A survey found that women's heights are normally distributed with mean 63.9 in and standard deviation 2.4in. A branch of the military requires women's heights to be between 58in and 80 in . Fund percentage of women who meets the height requirements

1 answer

To find the percentage of women who meet the height requirements of being between 58 inches and 80 inches, we can use the properties of the normal distribution.

Given:

  • Mean (μ) = 63.9 inches
  • Standard deviation (σ) = 2.4 inches

We will calculate the z-scores for both height requirements:

  1. For 58 inches: \[ z = \frac{(X - \mu)}{\sigma} \] \[ z_{58} = \frac{(58 - 63.9)}{2.4} = \frac{-5.9}{2.4} \approx -2.46 \]

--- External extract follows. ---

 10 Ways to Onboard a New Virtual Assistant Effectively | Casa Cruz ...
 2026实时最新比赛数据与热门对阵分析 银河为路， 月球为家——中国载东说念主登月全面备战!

  2. For 80 inches: \[ z_{80} = \frac{(80 - 63.9)}{2.4} = \frac{16.1}{2.4} \approx 6.71 \]

Next, we can look up the z-scores in the standard normal distribution table or use a calculator or statistical software to find the corresponding probabilities.

  • For \( z = -2.46 \):

    • The probability is approximately \( P(Z < -2.46) \approx 0.0069 \) (or 0.69%).
  • For \( z = 6.71 \):

    • The probability is approximately \( P(Z < 6.71) \approx 1.0000 \) (or 100%). This is a very high z-score, indicating virtually all women fall below this height.

Now we find the percentage of women whose heights lie between 58 inches and 80 inches. This is computed as follows: \[ P(58 < X < 80) = P(X < 80) - P(X < 58) \] Since \( P(X < 80) \approx 1.0000 \) and \( P(X < 58) \approx 0.0069 \): \[ P(58 < X < 80) \approx 1.0000 - 0.0069 \approx 0.9931 \]

Thus, the percentage of women who meet the height requirements is: \[ 0.9931 \times 100 \approx 99.31% \]

Therefore, approximately 99.31% of women meet the military height requirements.